*Task instructions*
Ignoring pictures, transcribe exactly the lines between the one containing "Dusty Teal Brushed" and the end of the material, both included.

*Source records*
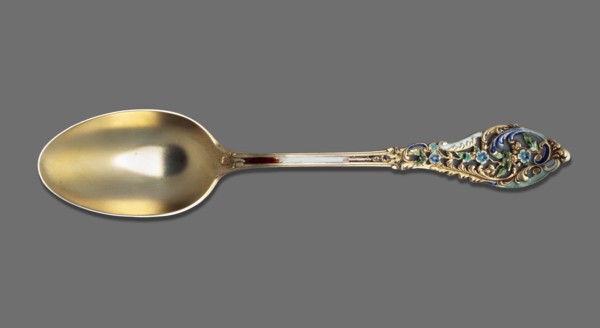 Tea spoon, Dominick & Haff fl. 1868–1928. Trianon pierced cutlery model, Neo-Rococo style. Tea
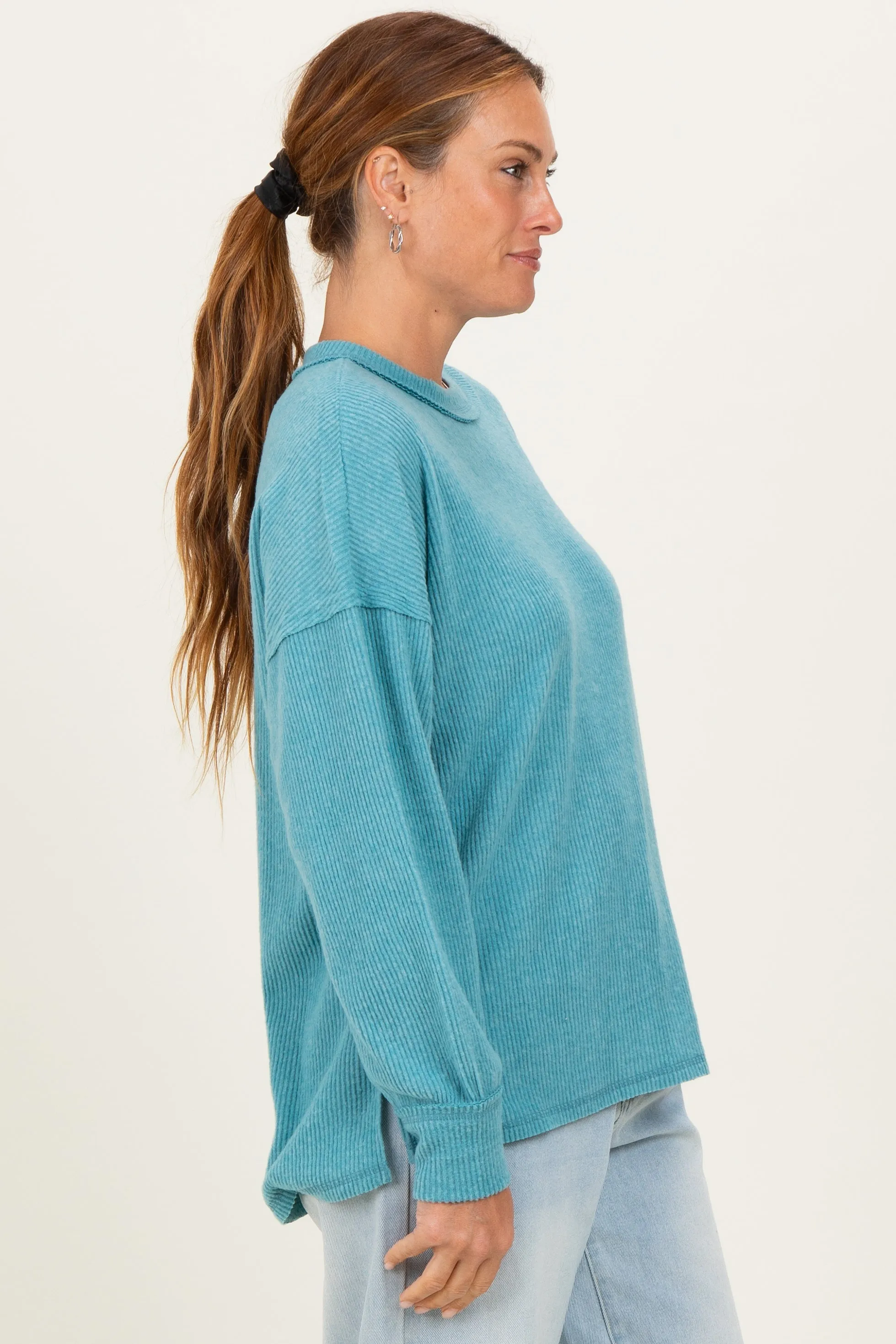 Dusty Teal Brushed Ribbed Knit Pullover sold by Pinkblush product image thumbnail 3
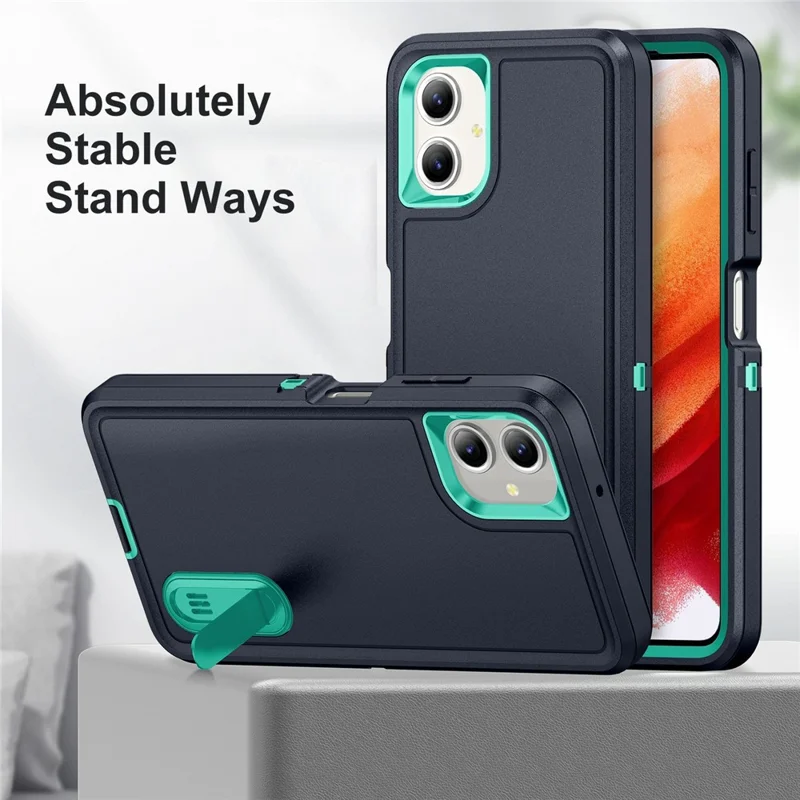 For Samsung Galaxy A06 4G Case Kickstand Phone Cover PC+Silicone+EVA 3-in-1 Design - Dark Blue+Light Cyan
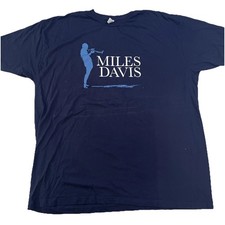 Rare Official Miles Davis Jazz Solo Silhouette Logo Concert Tour Shirt 3XL Blue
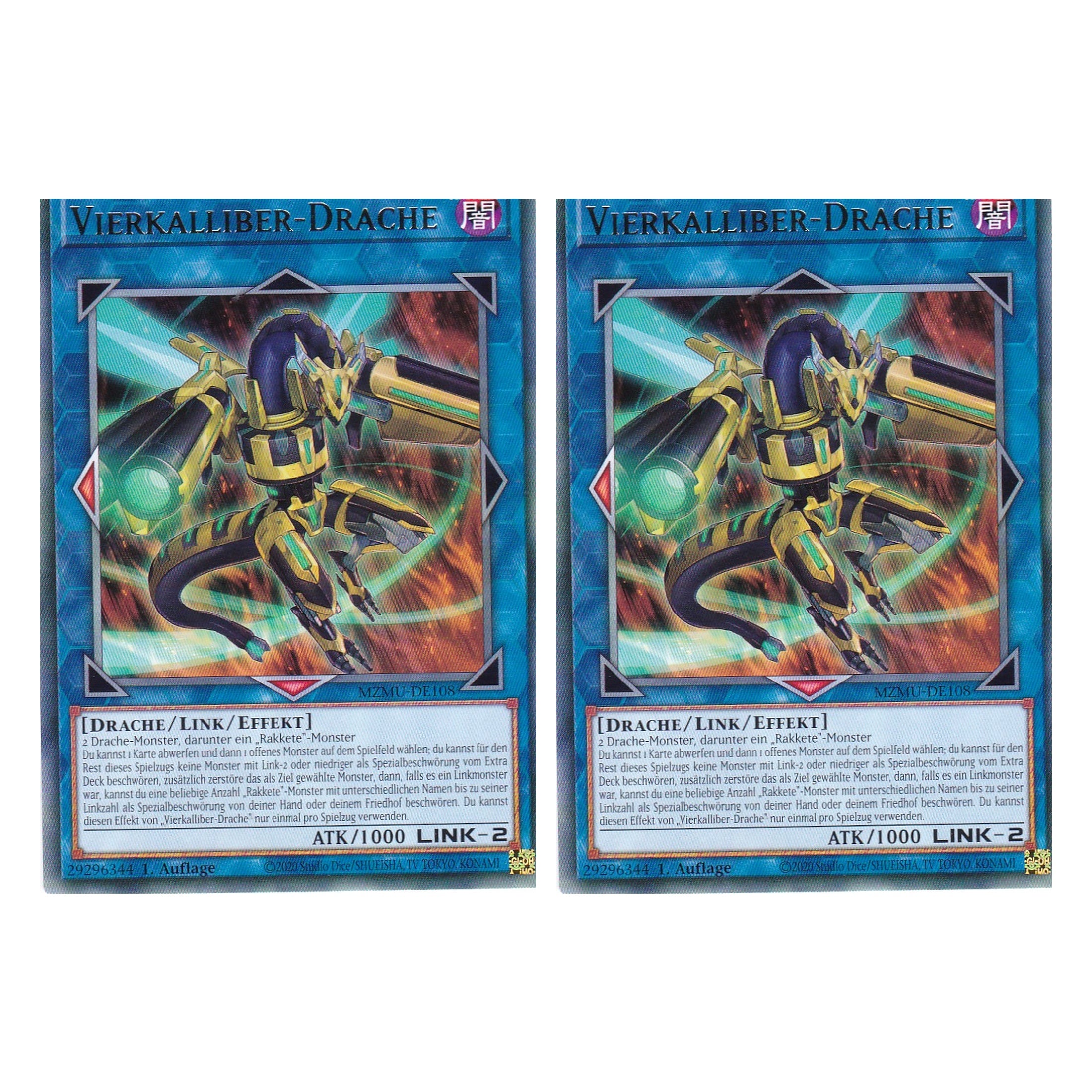 Vierkalliber-Drache - MZMU-DE108 - Rare - Deutsch - 1. Auflage - Maze of Muertos - Duo Set (2 Stück) - Yu-Gi-Oh!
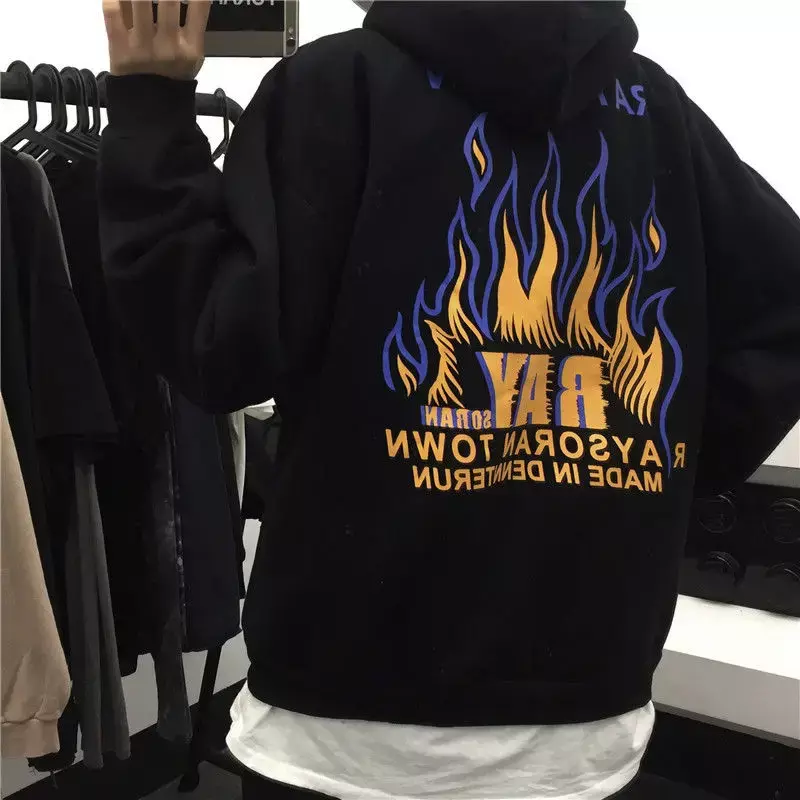 New Couple sweatshirt harajuku hoodies women autumn/winter Korean vintage flame letter print loose plush goth tops y2k clothes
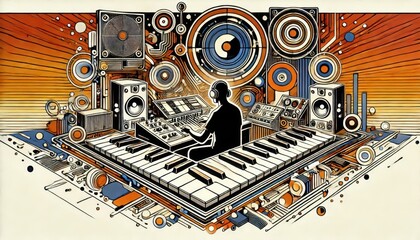 Obraz premium musician playing synthesizers in recording studio abstract illustration music creation content created with generative AI software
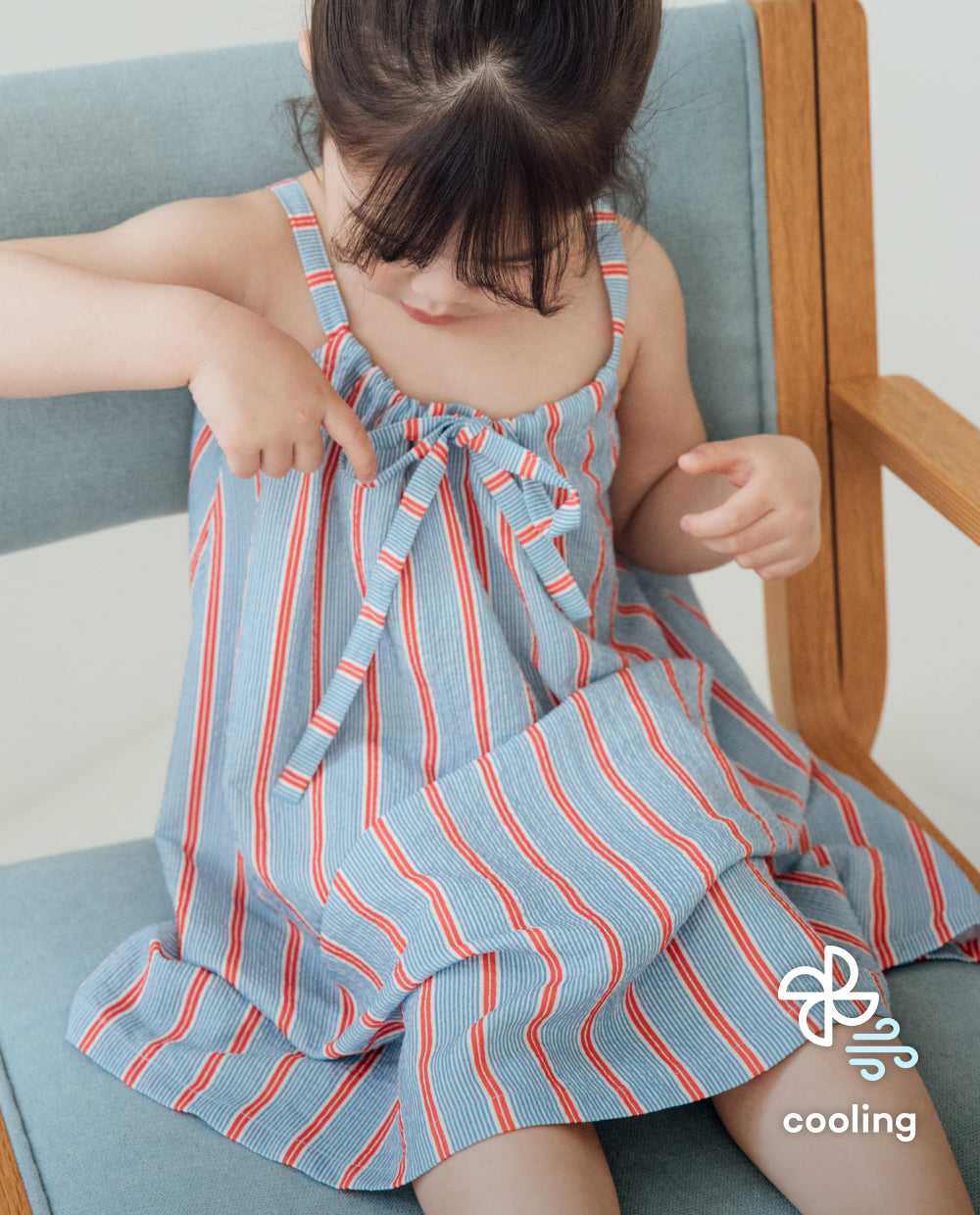 [Kids] エアクリンクル ストライプ ストリング ワンピース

*Answer*
 Dusty Teal Brushed Ribbed Knit Pullover sold by Pinkblush product image thumbnail 3
 For Samsung Galaxy A06 4G Case Kickstand Phone Cover PC+Silicone+EVA 3-in-1 Design - Dark Blue+Light Cyan
 Rare Official Miles Davis Jazz Solo Silhouette Logo Concert Tour Shirt 3XL Blue
 Vierkalliber-Drache - MZMU-DE108 - Rare - Deutsch - 1. Auflage - Maze of Muertos - Duo Set (2 Stück) - Yu-Gi-Oh!
 New Couple sweatshirt harajuku hoodies women autumn/winter Korean vintage flame letter print loose plush goth tops y2k clothes
 Obraz premium musician playing synthesizers in recording studio abstract illustration music creation content created with generative AI software
 [Kids] エアクリンクル ストライプ ストリング ワンピース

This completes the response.